Unibo structure involved: Department of Education Studies “Giovanni Maria Bertin”
Unibo Team: Consuelo Mameli, Damiano Menin, prof. Annalisa Guarini (Dept. of Psycology) 

Website: https://www.ou.nl/web/blurred-lives

Project Duration in months: 24
Start Date: 04/09/2017
End Date: 03/09/2019

Budget: euro 284.129,00
Unibo Budget: euro 61.568,00

Coordinator: Stranmillis University College (UK)
Partners:

  • GOLDSMITHS' COLLEGE (UK)
  • ALMA MATER STUDIORUM - UNIVERSITA DI BOLOGNA(IT)
  • OPEN UNIVERSITEIT NEDERLAND (NL)
  • FREIE UNIVERSITAT BERLIN (GR)

Description:

The “Blurred Lives Project – a cross-national, co-participatory exploration of cyberbullying, young people and socio-economic disadvantage” will bring together five European partners (from Northern Ireland, London, Germany, Italy and the Netherlands) with specific expertise and experience in tackling cyberbullying. 

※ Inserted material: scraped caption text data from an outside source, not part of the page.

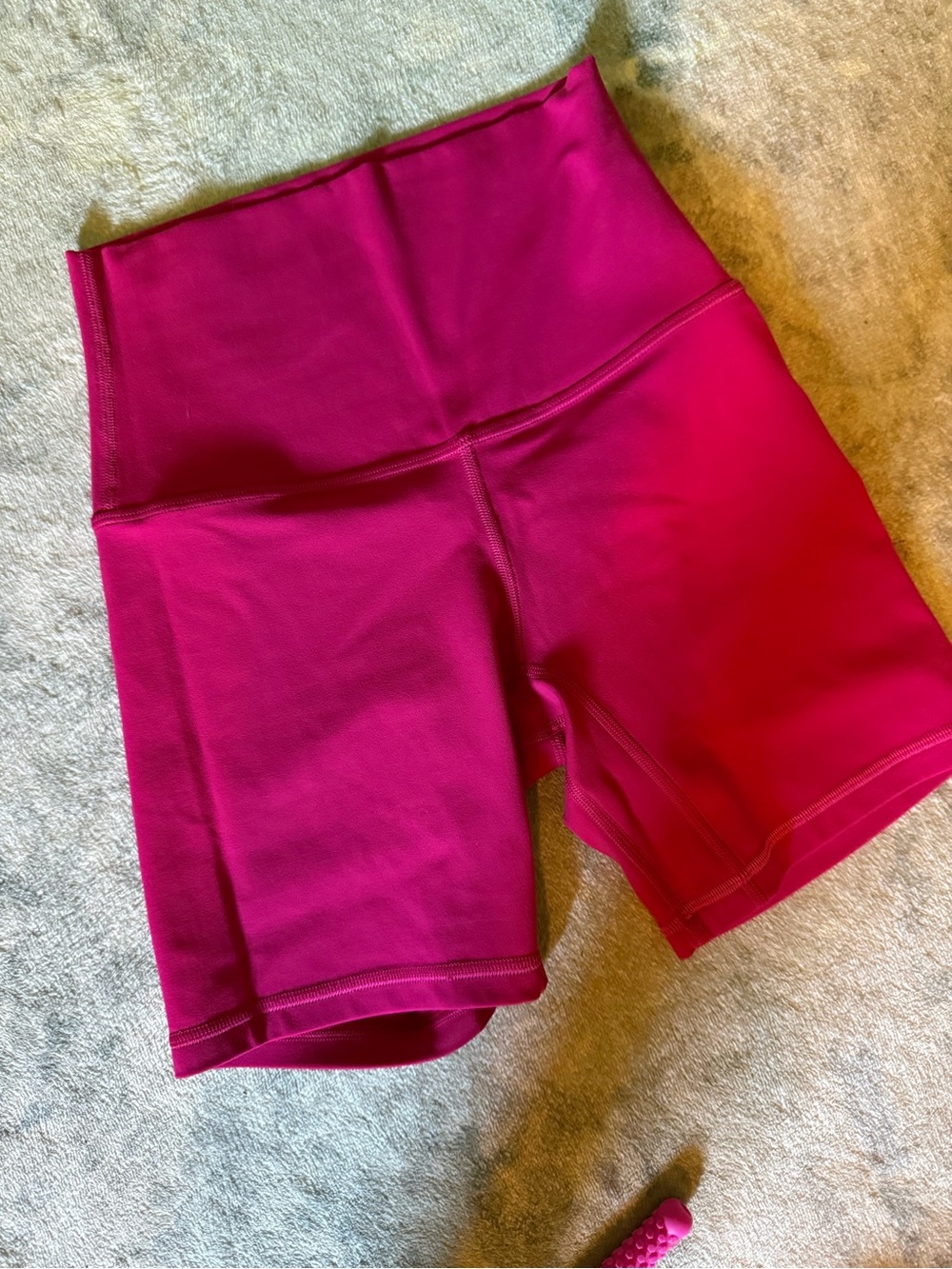 lululemon athletica High-Rise Bike Shorts - Fuchsia/Magenta - Picture 2 of 2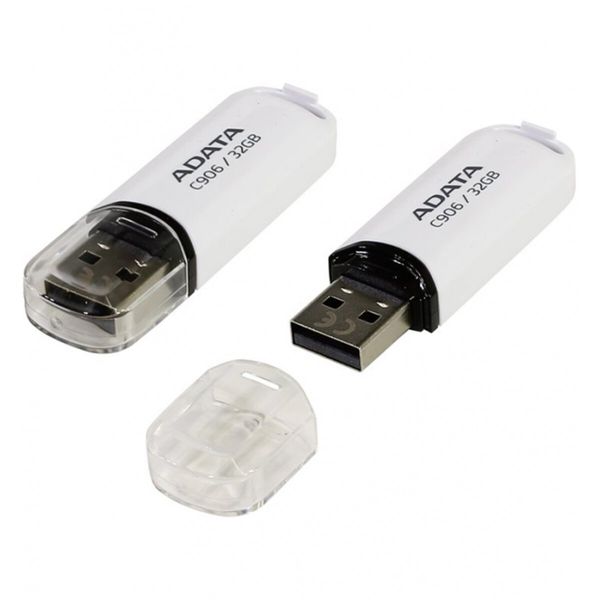 Flash A-DATA USB 2.0 C906 32Gb White (AC906-32G-RWH) 8830 фото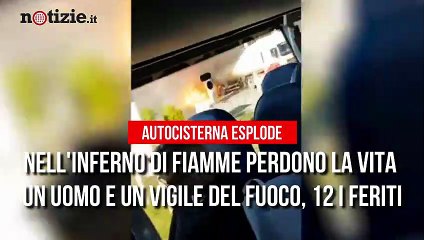 Rieti, inferno sulla salaria: esplode autocisterna, 2 morti e almeno 12 feriti | Notizie.it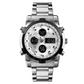 ⏰Waterdicht militair analoog-digitaal herenhorloge – 48 mm, multifunctioneel & roestvrijstalen band! 🕰️💪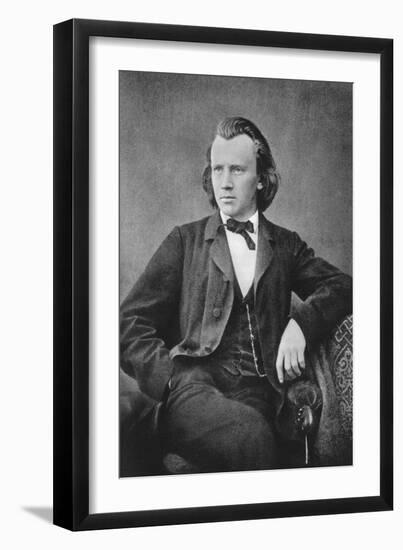 Johannes Brahms (1833-189), German Composer and Pianist, C1866-null-Framed Giclee Print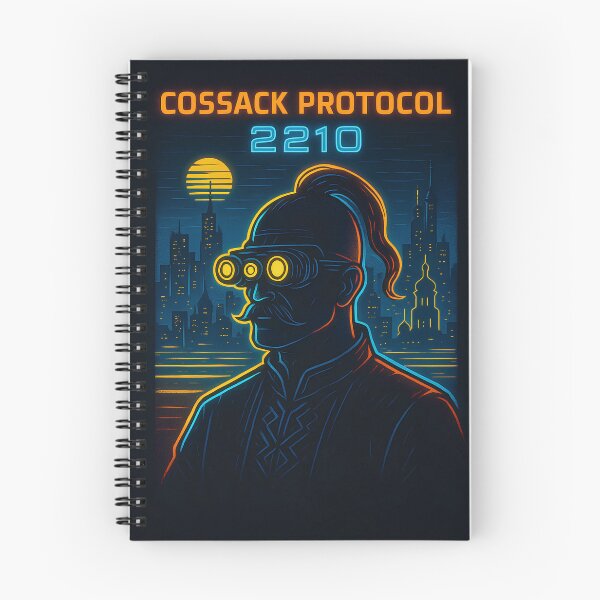 Item preview, Cossack Protocol — Ukrainian Cyberpunk Warrior Art designed and sold by ChernivtsiSkoda.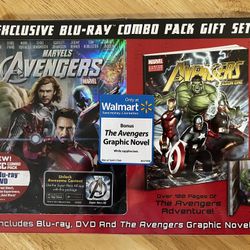 Marvel's Avengers Exclusive Blu-Ray Combo Pack Gift Set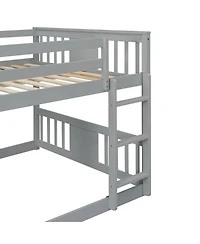 Streamdale Furniture Full Over Full Bunk Bed with Ladder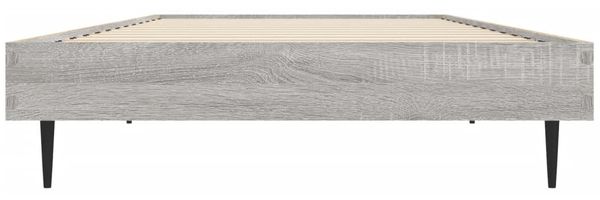 vidaXL Bettgestell Grau Sonoma 75x190 cm Holzwerkstoff 832315 Bild 6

The four central SMART objectives of the project are as follows:

  1. To empower young people aged 14-16 to better understand, prevent and combat cyberbullying.
  2. To develop the most useful support materials for teachers, parents/carers and young people (aged 14-16) for signalling, preventing and combating cyberbullying, and to make recommendations to social networking providers.
  3. To determine how the young people understand, experience and respond to the present conditions of cyberbullying.
  4. To determine the relationship between socio-economic disadvantage and young people's understanding and experiences of cyberbullying and their responses/coping strategies.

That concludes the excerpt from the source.